谏山落兒看着連初曉漸漸浮起青氣的顏,知道無踏月之力的她會漸漸壓制不住體內血疾的,當下心念一轉,“其實,是她讓我帶你走的。”

“為什麽!”連初曉幾乎立時地反應過來,這個她,就是秦時歡。

“這個,我也不知道。”谏山落兒勾了勾唇,示意無奈。

“只不過,如今,有楚煙婔在,不管她讓我帶你走是何等用意,我都有牽制她的條件,所以,我也不怕她到底算了什麽心。便是你,只要在扶掖,我也不怕。你不要想着帶走楚煙婔,以你現在的身體,你能做出什麽來?不如,乖乖在我身邊,若我待見,或許,還能幫你找到生身父母。”說完最後一句,谏山落兒極為把握地看了一眼連初曉,轉了身,走向了艙房。

連初曉看着谏山落兒的背影消逝,盯着那地方看了很久,最終踏步走向了同樣的地方。

三個月後,饒是征戰海上多年的扶掖兵士,在經歷兩次海上大風暴之後,也是精疲力竭,在看到隐隐的海岸之後終是歡欣鼓舞了起來。

谏山落兒一時也松緊了心緒,看着連初曉抱着楚煙婔的樣子,也不由得軟了眉目,走過去輕輕捏了捏楚煙婔的小手,而那孩子在見到她的那一刻笑得極為開心。

“煙婔每次見到你都笑得格外開心。

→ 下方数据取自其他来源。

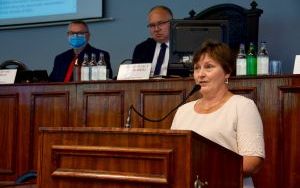 Uroczyste pożegnanie odchodzącej na emeryturę Jolanty Lesiczki, dyrektorki DPS 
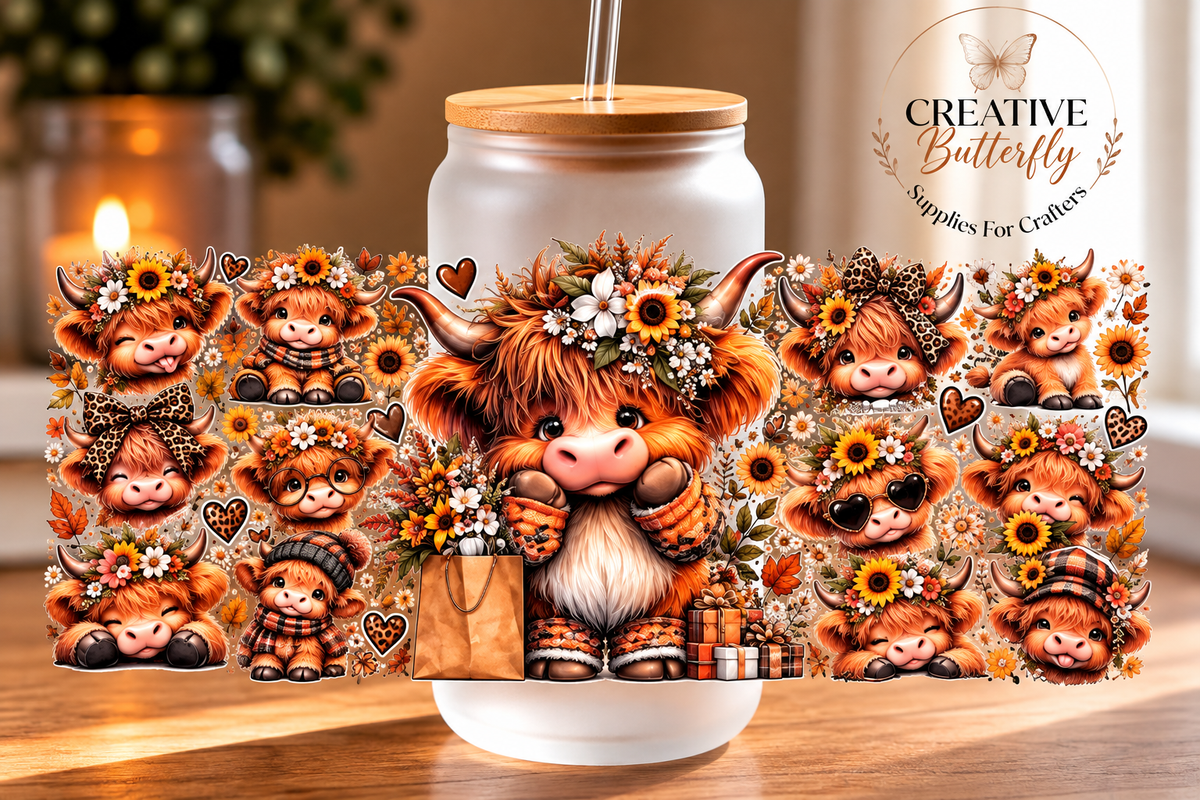 036W - Floral Cow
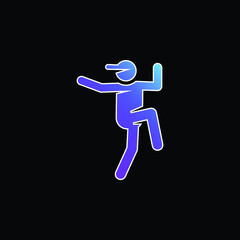 Breakdance blue gradient vector icon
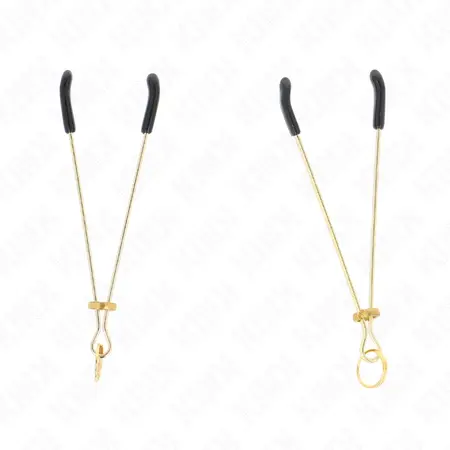 KINK Zlatni Ton Tanki Set Stege za Bradavice 7 cm - Podesivi Metalni Dizajn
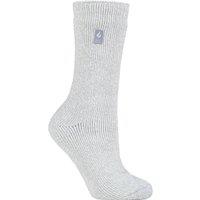 SOCKSHOP Heat Holders Women's 1 Pair Original 2.3 TOG Thermal Socks in Silver | Size: 4-8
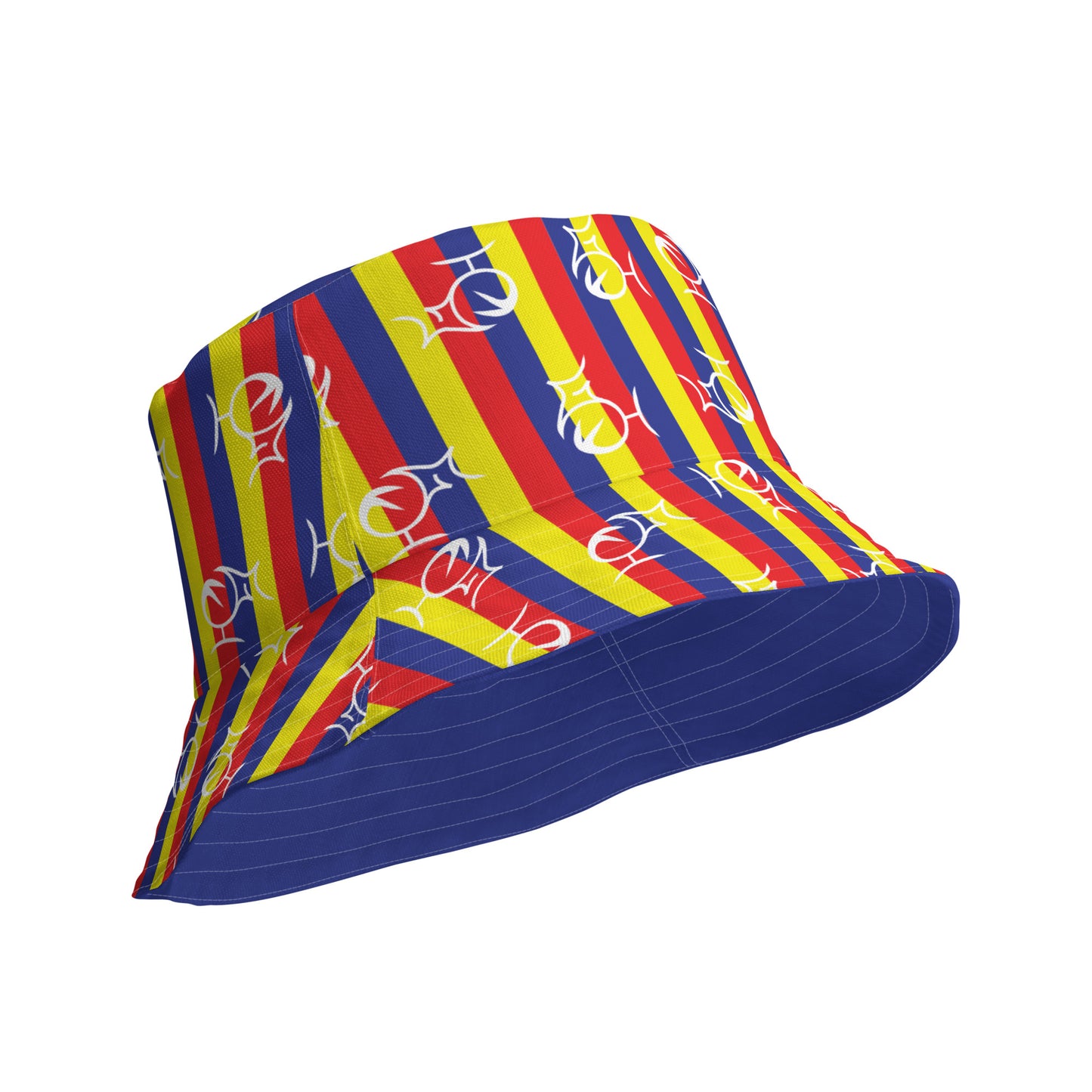 Glorifying Happiness Voom Shuck Reversible bucket hat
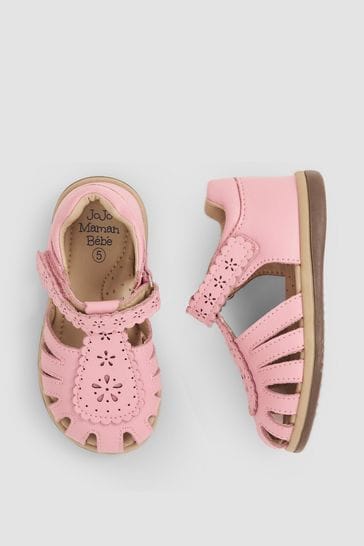 Pink closed toe sandals shop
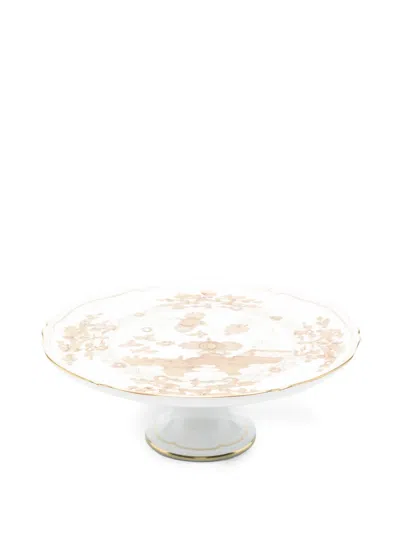 GINORI 1735 ORIENTAL ITALIANO FLORAL CAKE STAND (30,5CM X 11,5CM)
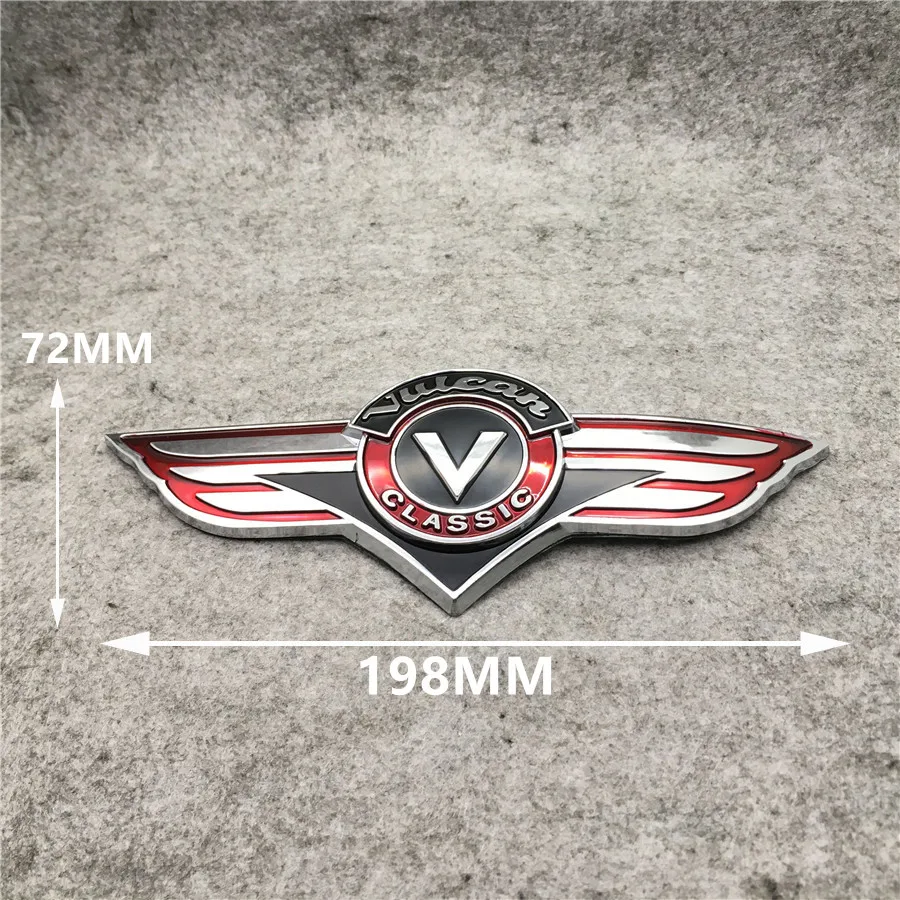 Yecnecty 2X наклейка для мотоцикла ABS мотоцикл топливный бак для газа наклейки эмблема для Kawasaki VN Вулкан Классический VN400 500 800 1500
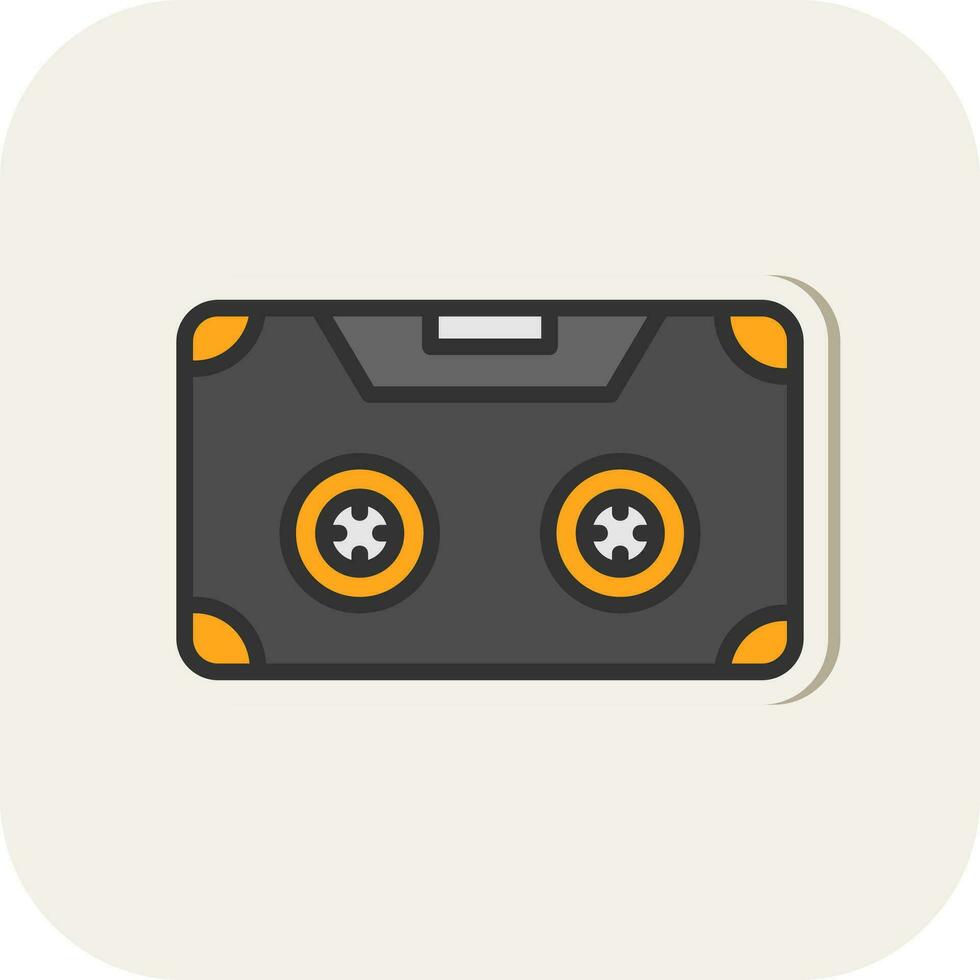 Cassette Vector Icon Design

”連初曉看着楚煙婔的笑顏,心底極為溫軟。

“那是自然,是我把她從狼窩裏抱出來的。”谏山落兒愈見開心得意。

“可也是你把她放進去的。”連初曉淡然無緒的一句話讓谏山落兒的笑意僵在了臉上。

她緩緩擡起頭看着連初曉,靜然了半響,平仄無緒,“就快到了,屆時我便可以請師父将你的血疾徹底引制了。”

“好。”連初曉亦擡起頭,對着谏山落兒輕輕一笑,随即抱着楚煙婔進入了內艙。

谏山落兒為連初曉的輕笑有些了失了神,心底隐隐有什麽在觸動,可是又想不出是什麽。

直到夜裏靠岸的時候,兵士報告滿船都找不到連初曉和楚煙婔的時候,她才明白這觸動到底是什麽。

“你再厲害,也逃不出去!”谏山落兒扶着船舷,冷冷地看着夜幕下陰陰森森的陸岸。